- Fix javadoc for building under Java 8 (Issue 18).
- Allow setting flush sequence in DefaultModel (Issue 19).
- Changed license to Apache License version 2. (Issue 17)
- Note that TreeTagger itself is subject different license terms available from the TreeTagger TreeTagger website.
- Fixed bug: model files cannot be read unless assertions are enabled (Issue 16)
- Initial support for reading TreeTagger model files. (Issue 14)

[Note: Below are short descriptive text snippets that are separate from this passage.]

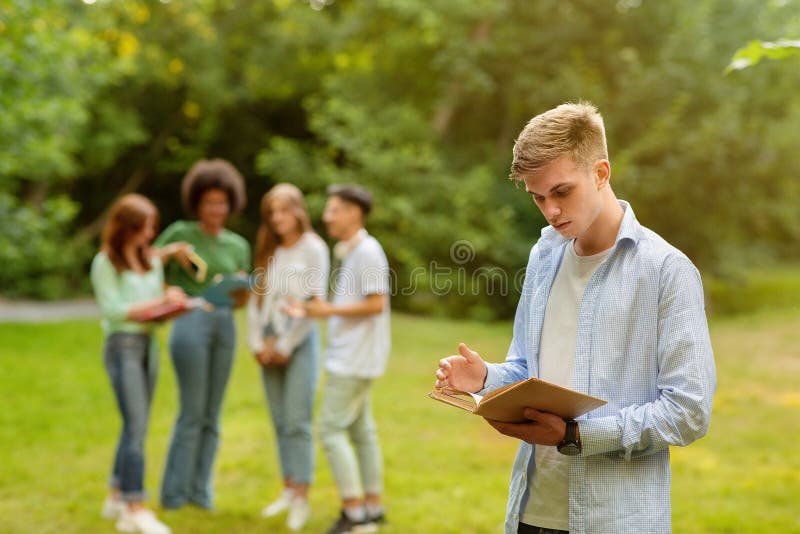 College Bullying. Lonely student guy standing with book at campus apart from classmates, reading, preparing for exam alone, selective focus. College Bullying. Lonely student guy standing with book at campus apart from classmates, reading, preparing for exam alone, selective focus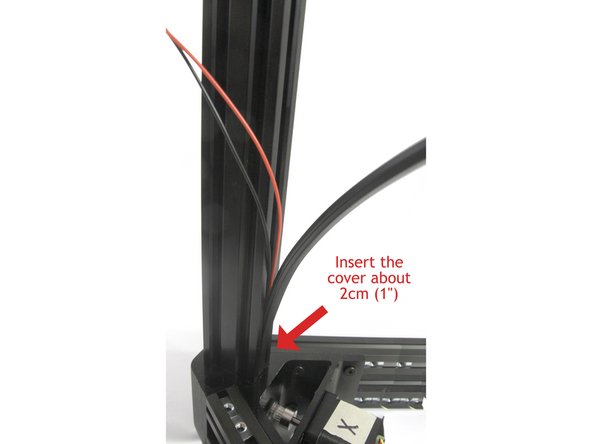 Insert one of the plastic T-slot covers you removed from the tower slots earlier. Slide the end about 2cms (1&quot;) into the corner extrusion.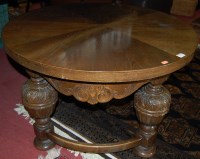 Lot 1371 - A carved oak circular low occasional table,...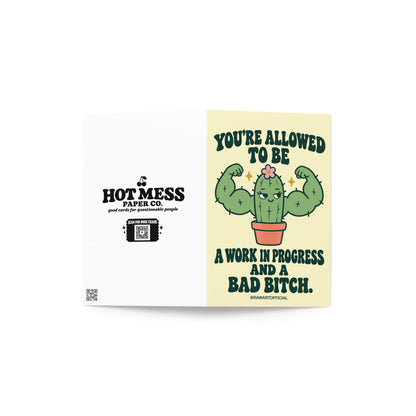 Funny encouragement greeting card featuring a green cartoon cactus flexing oversized muscular arms, with a smug expression, tiny pink flower, and terracotta pot. Pale yellow background with bold dark green retro lettering reading “You're Allowed to Be a Work in Progress and a Bad Bitch.” Humorous self-love and confidence card by Hot Mess Paper Co.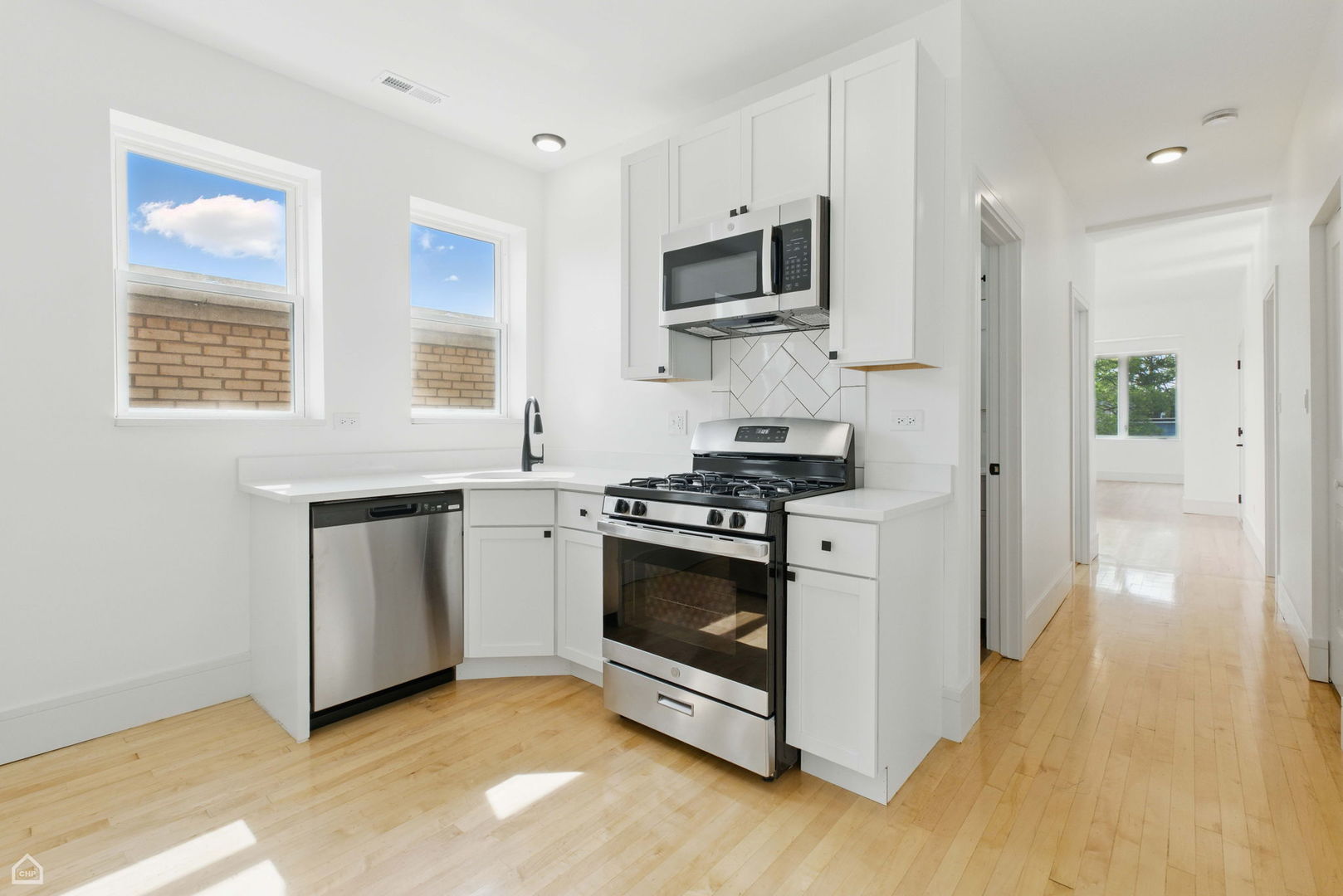 1928 West 21st Street, Unit 2F Chicago, IL 60608 - Photo 6 of 16 a kitchen with stainless steel appliances white cabinets a sink and a stove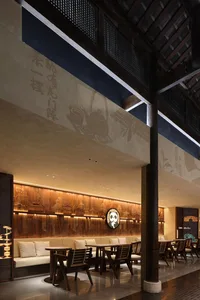 Urban industrial-style restaurant interior with wooden elements and modern design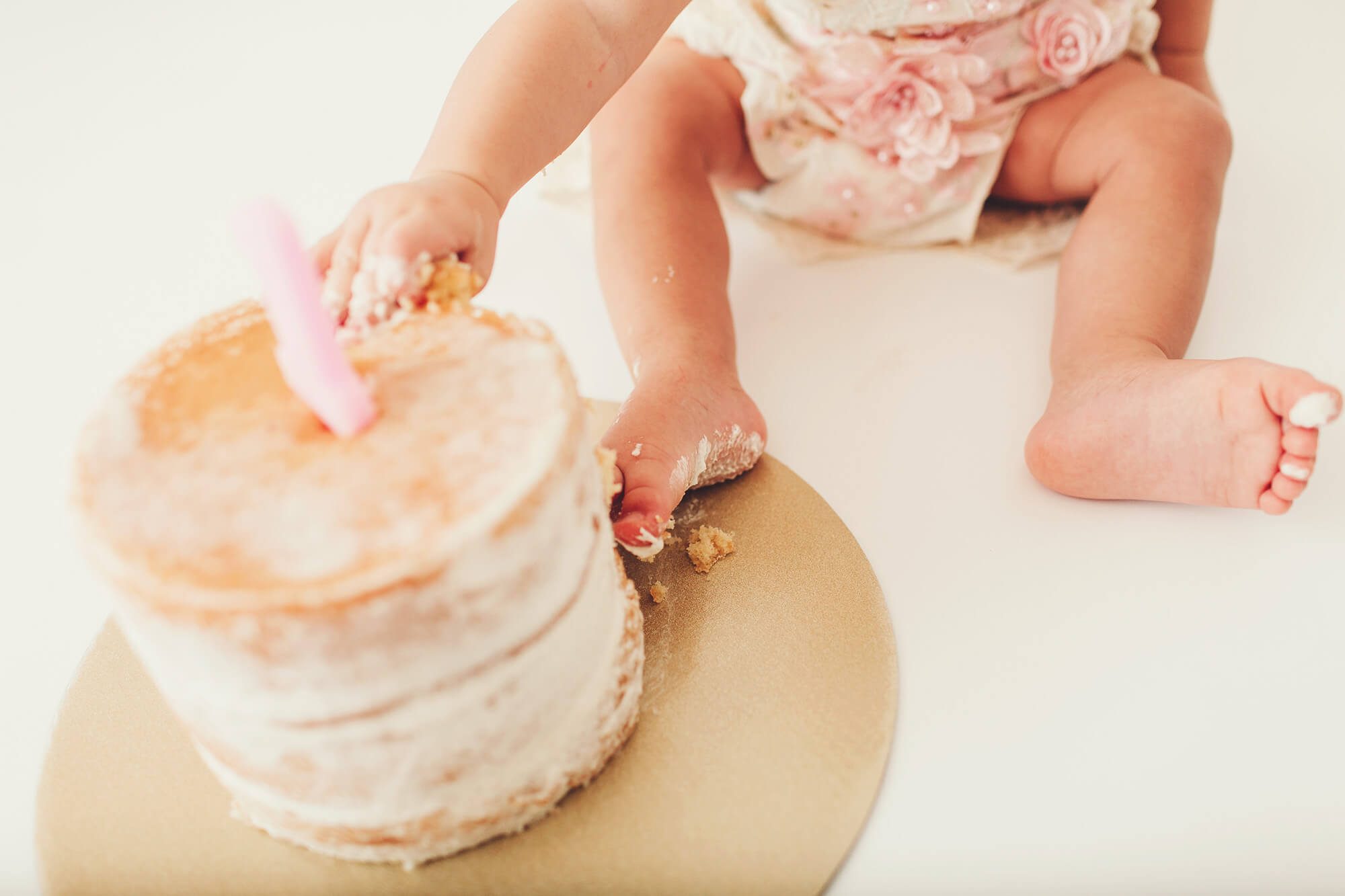 Fingers and toes covered in frosting during her birthday cake smash session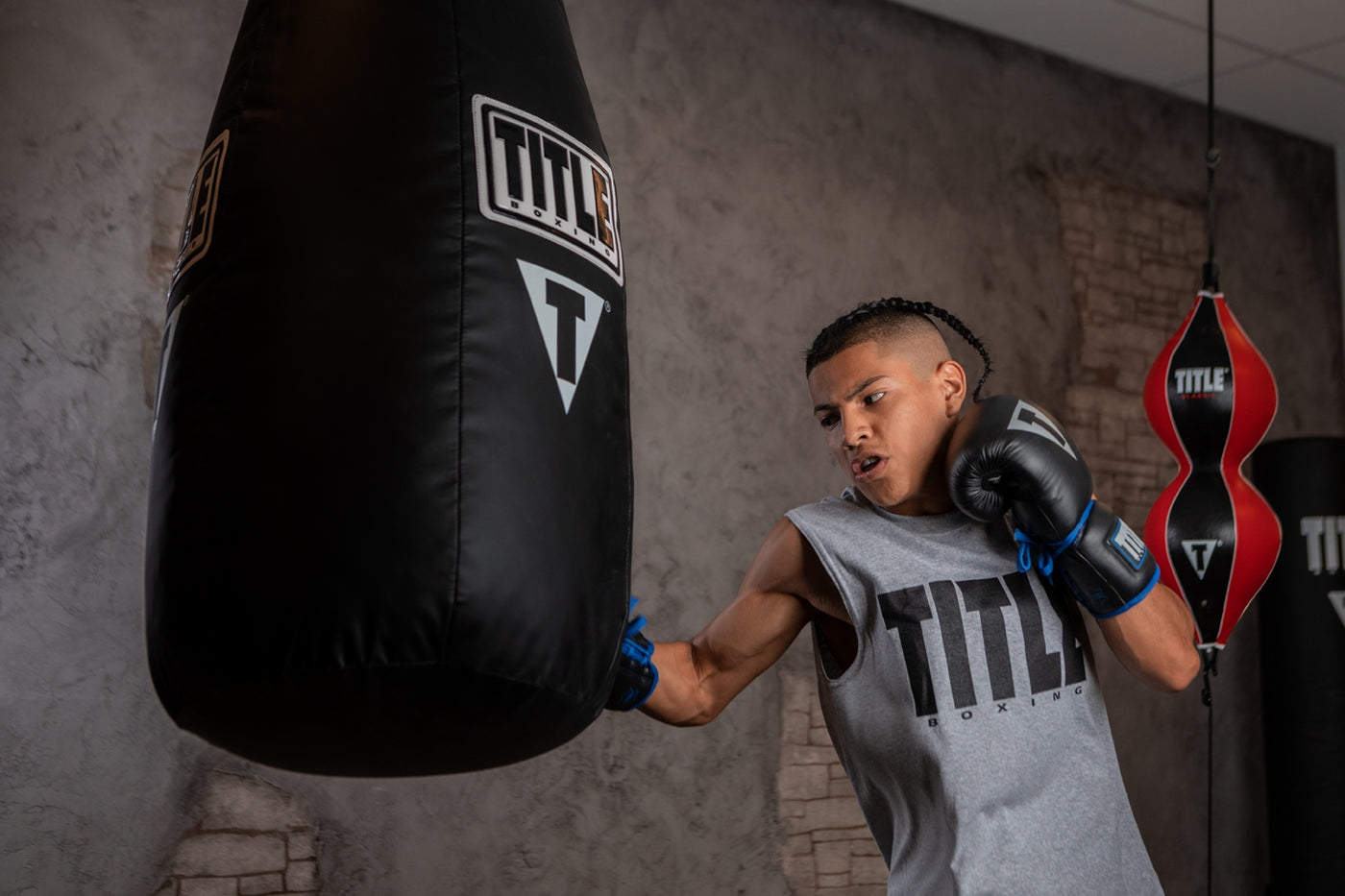 variant:Lifestyle::TITLE Boxing Tear Drop Heavy Bag kid hitting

- Support for getting multiple tag/lemmas and their probabilities. This feature requires a TreeTagger binary newer than 2012-04-25. When used with previous versions, it will just hang. At the time of writing, the TreeTagger versions for OS X (Intel), Windows and Linux support this feature. It is possible that the versions for Solaris and OS X (PPC) may not be updated to support this feature. TT4J continues to work with other/older TreeTagger versions as long as this feature is not used. (Issue 13)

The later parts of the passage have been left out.